After nearly twenty years in London, Geminiani became disillusioned with its music scene, where ‘the Hand was more considered than the Head; the Performance than the Composition’. He complained that ‘instead of labouring to cultivate a Taste the Publick was content to nourish Insipidity’, so he looked for pastures new and found them in Ireland and to a limited extent in the Netherlands and Paris. The prevailing French style he encountered on his travels certainly made its mark on his compositions, which became increasingly eclectic and idiosyncratic. This can be heard well in the cello sonatas he published in Paris in 1746: the opening of Op.5 No.2 is reminiscent of Rameau’s ‘La Livri’ of 1741, whereas the fast movements are typically Italianate and modern, or as Burney put it, ‘wild, decousu (rambling), & without symmetry’. ‘As the best specimen that can be given of the style and manner of [Geminiani’s] execution’, Hawkins supplied a sonata by Corelli, ‘written as Geminiani used to play it, and copied from a manuscript in his own hand-writing’. This version does not ornament Corelli’s original so much as paraphrase it. The manuscript is now lost, so we must be grateful that Hawkins wished to illustrate how ‘all the graces and elegancies of melody, all the powers that can engage attention, or that render the passions of the hearers subservient to the will of the artist, were united in his performance.’
Such tampering with Corelli’s divine work was not to everyone’s taste, however. Roger North represents the reactionaries: ‘upon the bare view of the print any one would wonder how so much vermin could creep into the works of such a master.’ And in a wild piece of hypocrisy, Geminiani was branded as one of the rifriggitori (reheaters) by Veracini, who seems temporarily to have forgotten that he himself rewrote, and expanded interminably, all of Corelli’s sonatas. For some reason now unknown, Veracini took every opportunity to ridicule Geminiani in the form of a thinly disguised, anagrammatical alias: Sgranfione Minacci. Geminiani once told an acquaintance ‘that he lovedpainting better than music’. In this respect he was again at one with his old teacher, Corelli, who had collected paintings. Geminiani went a step further and, while in Dublin, dealt in pictures as well, claiming at one time to have both a Caravaggio and a Correggio in his collection.
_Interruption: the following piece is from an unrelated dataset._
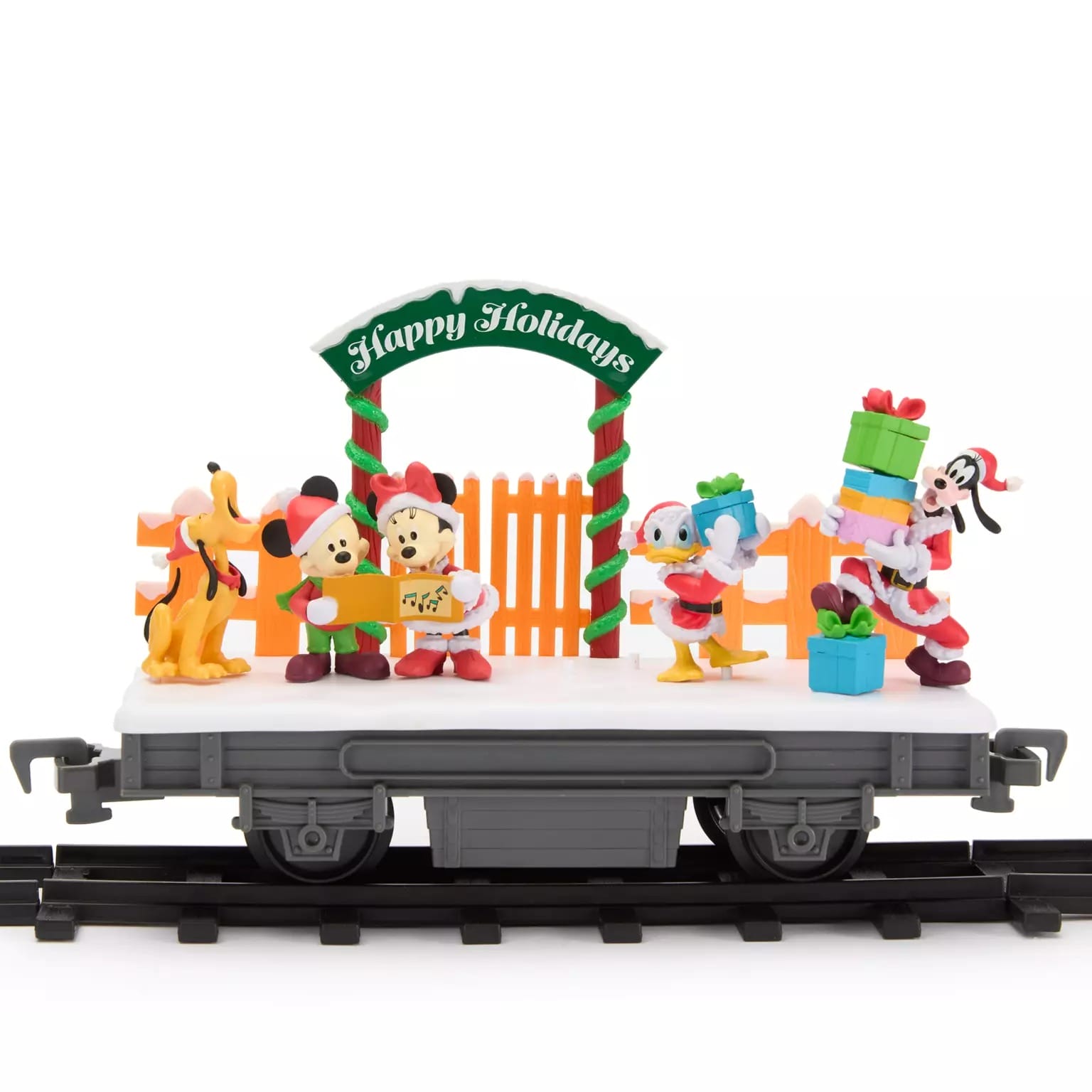 Disney Store 2025 Disney Christmas Merchandise features Pluto, Mickey, Minnie, Donald & Goofy on a festive "Happy Holidays" train.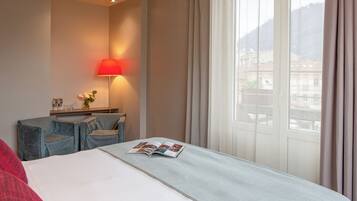 Ein Hotelzimmer mit Bett, Schreibtisch, Lampe und einem Fenster mit Vorhängen.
Burney offers the caveat that ‘a propensity towards chicane and cunning, which gratified some dispositions more by outwitting mankind, than excelling them in virtue and talents, operated a little on Geminiani.’ Whatever the case, he always received a mixed press. He was, one source tells us, ‘a little man, sallow complexion, black eye-brows, pleasing face; his dress blue velvet, richly embroidered with gold.’ He never married and died in Dublin in 1762, ‘well known by the Lovers of Harmony, for his capital Performances on the Violin’ (The Dublin Gazette).